### Goal of the exercise
Using the data that follows, output only the lines from the line with "OFahrt2012_065" up to and including the line with "Park Tool Bbt-69.4", exactly, leaving pictures aside.

### Data supplied

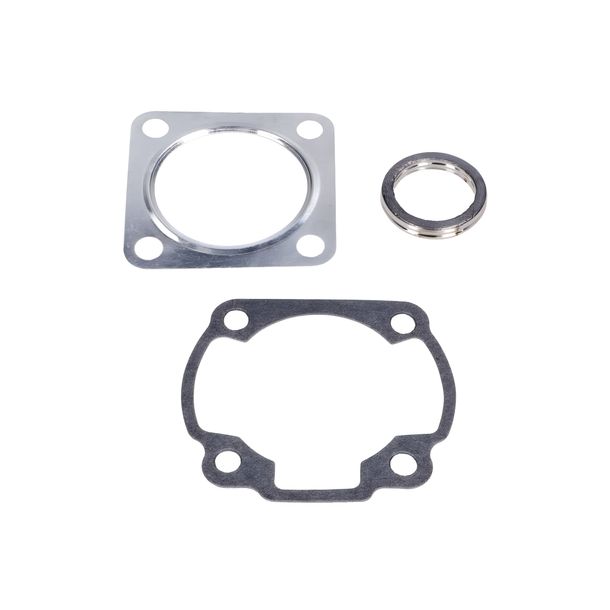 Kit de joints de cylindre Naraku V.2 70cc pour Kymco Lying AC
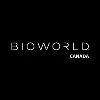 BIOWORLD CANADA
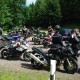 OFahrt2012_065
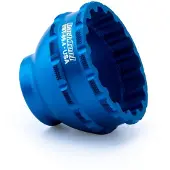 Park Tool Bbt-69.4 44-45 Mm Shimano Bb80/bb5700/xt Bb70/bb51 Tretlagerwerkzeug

==

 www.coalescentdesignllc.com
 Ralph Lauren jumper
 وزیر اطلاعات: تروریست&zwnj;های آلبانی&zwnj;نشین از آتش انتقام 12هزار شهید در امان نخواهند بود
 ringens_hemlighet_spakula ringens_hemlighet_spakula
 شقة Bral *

---

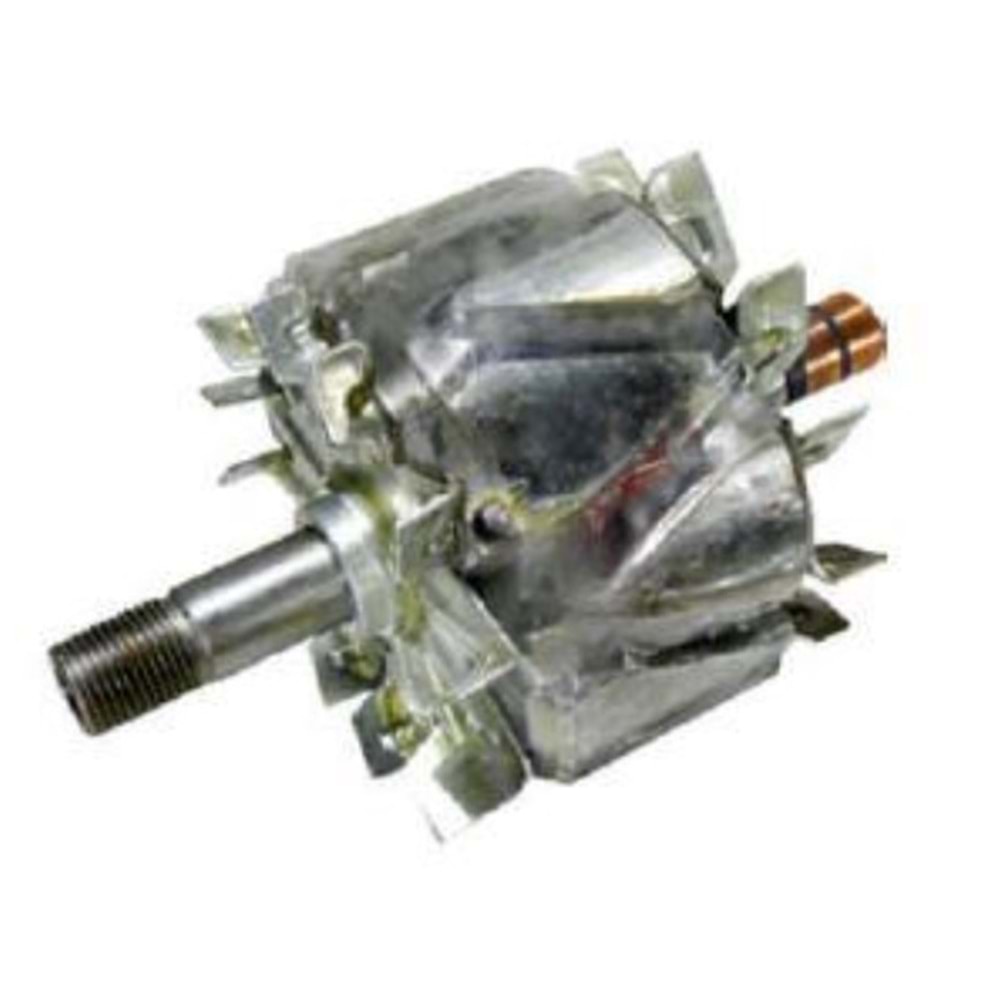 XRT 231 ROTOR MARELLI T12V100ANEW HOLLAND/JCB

### Result
 OFahrt2012_065
 Park Tool Bbt-69.4 44-45 Mm Shimano Bb80/bb5700/xt Bb70/bb51 Tretlagerwerkzeug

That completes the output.